▶ _Exercise_:
Copy exactly the stretch of data below from the line with "Have you ever" through the line with "moto3_guevara_005_qatar_2014_losail.jpg", including both of those lines.

++++++++++

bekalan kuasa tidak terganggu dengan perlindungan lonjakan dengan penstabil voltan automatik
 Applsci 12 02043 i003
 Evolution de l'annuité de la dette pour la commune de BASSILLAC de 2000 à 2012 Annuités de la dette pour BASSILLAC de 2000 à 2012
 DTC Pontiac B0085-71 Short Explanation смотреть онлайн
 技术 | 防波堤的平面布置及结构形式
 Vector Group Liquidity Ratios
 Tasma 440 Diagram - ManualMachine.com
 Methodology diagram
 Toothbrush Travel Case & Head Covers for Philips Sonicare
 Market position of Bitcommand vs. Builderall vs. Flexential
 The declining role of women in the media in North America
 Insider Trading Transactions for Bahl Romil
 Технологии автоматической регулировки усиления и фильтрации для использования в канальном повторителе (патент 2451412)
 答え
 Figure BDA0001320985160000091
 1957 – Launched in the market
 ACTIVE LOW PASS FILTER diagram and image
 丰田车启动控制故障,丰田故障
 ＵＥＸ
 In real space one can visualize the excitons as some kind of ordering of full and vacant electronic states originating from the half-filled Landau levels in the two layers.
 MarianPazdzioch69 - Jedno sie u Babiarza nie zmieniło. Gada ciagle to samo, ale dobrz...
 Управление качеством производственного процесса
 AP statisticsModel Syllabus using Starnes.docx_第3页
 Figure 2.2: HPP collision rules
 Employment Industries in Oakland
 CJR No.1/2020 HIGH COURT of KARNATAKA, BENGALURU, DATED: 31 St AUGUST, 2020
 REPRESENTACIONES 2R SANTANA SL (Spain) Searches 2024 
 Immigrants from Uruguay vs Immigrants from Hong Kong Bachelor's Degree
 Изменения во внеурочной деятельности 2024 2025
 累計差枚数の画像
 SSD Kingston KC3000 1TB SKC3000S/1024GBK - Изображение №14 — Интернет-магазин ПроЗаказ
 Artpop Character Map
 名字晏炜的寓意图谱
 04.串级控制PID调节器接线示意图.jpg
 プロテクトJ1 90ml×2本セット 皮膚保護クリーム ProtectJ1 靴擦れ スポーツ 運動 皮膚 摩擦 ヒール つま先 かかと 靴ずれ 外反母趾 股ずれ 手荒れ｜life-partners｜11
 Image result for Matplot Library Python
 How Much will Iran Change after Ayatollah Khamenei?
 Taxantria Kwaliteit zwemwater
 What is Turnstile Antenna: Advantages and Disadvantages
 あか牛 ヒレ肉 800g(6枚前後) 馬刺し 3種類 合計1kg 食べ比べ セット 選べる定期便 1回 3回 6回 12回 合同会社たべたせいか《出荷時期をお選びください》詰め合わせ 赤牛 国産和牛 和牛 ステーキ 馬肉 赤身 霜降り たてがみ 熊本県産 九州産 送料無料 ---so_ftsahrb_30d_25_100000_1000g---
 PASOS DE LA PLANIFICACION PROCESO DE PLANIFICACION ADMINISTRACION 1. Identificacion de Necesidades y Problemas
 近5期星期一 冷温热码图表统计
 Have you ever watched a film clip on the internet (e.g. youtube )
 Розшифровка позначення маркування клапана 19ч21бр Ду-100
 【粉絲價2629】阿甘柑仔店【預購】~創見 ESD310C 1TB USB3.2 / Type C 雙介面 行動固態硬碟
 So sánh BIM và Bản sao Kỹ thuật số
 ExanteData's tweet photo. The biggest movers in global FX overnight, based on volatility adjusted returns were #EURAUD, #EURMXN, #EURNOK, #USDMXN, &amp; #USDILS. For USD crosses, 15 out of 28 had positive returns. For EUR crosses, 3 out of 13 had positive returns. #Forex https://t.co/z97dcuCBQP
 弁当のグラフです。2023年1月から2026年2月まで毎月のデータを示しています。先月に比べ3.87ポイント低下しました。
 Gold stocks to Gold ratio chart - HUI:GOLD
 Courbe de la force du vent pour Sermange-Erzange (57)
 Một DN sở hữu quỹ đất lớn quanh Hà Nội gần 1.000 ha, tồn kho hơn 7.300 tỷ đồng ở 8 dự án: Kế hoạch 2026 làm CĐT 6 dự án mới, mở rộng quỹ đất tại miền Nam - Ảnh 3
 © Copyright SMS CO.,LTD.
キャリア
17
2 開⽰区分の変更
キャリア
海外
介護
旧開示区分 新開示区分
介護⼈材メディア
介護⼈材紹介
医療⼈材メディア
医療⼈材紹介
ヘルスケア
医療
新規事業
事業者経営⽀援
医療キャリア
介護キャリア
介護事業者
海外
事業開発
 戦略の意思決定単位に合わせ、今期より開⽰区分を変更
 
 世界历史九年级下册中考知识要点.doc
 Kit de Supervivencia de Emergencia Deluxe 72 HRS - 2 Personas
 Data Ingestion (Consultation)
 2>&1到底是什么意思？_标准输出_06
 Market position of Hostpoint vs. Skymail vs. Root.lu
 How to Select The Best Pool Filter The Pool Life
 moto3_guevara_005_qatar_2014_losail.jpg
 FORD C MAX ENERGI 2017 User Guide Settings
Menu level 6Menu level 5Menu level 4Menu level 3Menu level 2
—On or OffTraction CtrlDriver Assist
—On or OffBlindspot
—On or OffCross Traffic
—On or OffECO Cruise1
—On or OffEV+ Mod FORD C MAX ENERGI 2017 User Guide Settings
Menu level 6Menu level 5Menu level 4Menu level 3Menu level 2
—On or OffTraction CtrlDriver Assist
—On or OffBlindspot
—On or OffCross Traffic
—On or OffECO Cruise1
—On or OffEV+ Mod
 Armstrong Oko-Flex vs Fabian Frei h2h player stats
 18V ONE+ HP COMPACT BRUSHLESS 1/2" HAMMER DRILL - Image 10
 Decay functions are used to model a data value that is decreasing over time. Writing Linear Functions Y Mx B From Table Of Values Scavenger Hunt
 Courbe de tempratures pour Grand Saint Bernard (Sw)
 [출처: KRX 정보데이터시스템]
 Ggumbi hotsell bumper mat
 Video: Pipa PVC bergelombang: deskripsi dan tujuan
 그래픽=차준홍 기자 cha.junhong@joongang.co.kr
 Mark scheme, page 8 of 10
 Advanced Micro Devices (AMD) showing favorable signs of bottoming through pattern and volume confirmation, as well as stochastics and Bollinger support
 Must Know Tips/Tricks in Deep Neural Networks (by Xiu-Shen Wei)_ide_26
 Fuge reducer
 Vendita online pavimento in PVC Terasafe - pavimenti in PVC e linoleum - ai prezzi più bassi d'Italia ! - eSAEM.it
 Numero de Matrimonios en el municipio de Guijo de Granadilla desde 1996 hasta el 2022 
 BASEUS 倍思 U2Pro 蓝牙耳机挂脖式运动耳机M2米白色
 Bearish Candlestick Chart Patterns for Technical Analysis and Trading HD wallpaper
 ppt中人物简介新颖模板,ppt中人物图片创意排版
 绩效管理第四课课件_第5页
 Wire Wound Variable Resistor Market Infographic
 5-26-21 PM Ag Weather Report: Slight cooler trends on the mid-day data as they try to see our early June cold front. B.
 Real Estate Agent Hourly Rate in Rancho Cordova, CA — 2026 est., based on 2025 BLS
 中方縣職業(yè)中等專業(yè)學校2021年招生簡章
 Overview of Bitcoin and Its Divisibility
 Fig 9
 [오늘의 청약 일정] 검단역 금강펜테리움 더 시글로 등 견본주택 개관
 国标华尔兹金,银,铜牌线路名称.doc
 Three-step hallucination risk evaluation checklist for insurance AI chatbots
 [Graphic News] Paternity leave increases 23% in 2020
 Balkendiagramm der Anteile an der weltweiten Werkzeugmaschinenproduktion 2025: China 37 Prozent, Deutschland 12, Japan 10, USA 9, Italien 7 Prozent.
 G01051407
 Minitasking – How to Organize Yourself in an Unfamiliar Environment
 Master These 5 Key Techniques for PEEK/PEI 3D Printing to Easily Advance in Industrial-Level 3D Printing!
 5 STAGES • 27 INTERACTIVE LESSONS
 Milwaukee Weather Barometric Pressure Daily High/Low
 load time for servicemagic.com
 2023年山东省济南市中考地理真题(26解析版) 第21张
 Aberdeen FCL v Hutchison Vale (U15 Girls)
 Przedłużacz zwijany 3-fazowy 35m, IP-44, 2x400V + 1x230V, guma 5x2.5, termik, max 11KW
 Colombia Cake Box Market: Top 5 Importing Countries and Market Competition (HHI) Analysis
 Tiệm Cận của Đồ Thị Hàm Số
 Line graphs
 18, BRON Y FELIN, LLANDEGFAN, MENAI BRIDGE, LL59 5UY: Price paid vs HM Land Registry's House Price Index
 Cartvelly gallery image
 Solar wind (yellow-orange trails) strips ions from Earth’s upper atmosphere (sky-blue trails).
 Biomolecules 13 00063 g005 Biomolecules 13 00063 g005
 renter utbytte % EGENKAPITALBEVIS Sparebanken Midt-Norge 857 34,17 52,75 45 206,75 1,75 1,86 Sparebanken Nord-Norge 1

++++++++++

▶ _Exercise solution_:
 Have you ever watched a film clip on the internet (e.g. youtube )
 Розшифровка позначення маркування клапана 19ч21бр Ду-100
 【粉絲價2629】阿甘柑仔店【預購】~創見 ESD310C 1TB USB3.2 / Type C 雙介面 行動固態硬碟
 So sánh BIM và Bản sao Kỹ thuật số
 ExanteData's tweet photo. The biggest movers in global FX overnight, based on volatility adjusted returns were #EURAUD, #EURMXN, #EURNOK, #USDMXN, &amp; #USDILS. For USD crosses, 15 out of 28 had positive returns. For EUR crosses, 3 out of 13 had positive returns. #Forex https://t.co/z97dcuCBQP
 弁当のグラフです。2023年1月から2026年2月まで毎月のデータを示しています。先月に比べ3.87ポイント低下しました。
 Gold stocks to Gold ratio chart - HUI:GOLD
 Courbe de la force du vent pour Sermange-Erzange (57)
 Một DN sở hữu quỹ đất lớn quanh Hà Nội gần 1.000 ha, tồn kho hơn 7.300 tỷ đồng ở 8 dự án: Kế hoạch 2026 làm CĐT 6 dự án mới, mở rộng quỹ đất tại miền Nam - Ảnh 3
 © Copyright SMS CO.,LTD.
キャリア
17
2 開⽰区分の変更
キャリア
海外
介護
旧開示区分 新開示区分
介護⼈材メディア
介護⼈材紹介
医療⼈材メディア
医療⼈材紹介
ヘルスケア
医療
新規事業
事業者経営⽀援
医療キャリア
介護キャリア
介護事業者
海外
事業開発
 戦略の意思決定単位に合わせ、今期より開⽰区分を変更
 
 世界历史九年级下册中考知识要点.doc
 Kit de Supervivencia de Emergencia Deluxe 72 HRS - 2 Personas
 Data Ingestion (Consultation)
 2>&1到底是什么意思？_标准输出_06
 Market position of Hostpoint vs. Skymail vs. Root.lu
 How to Select The Best Pool Filter The Pool Life
 moto3_guevara_005_qatar_2014_losail.jpg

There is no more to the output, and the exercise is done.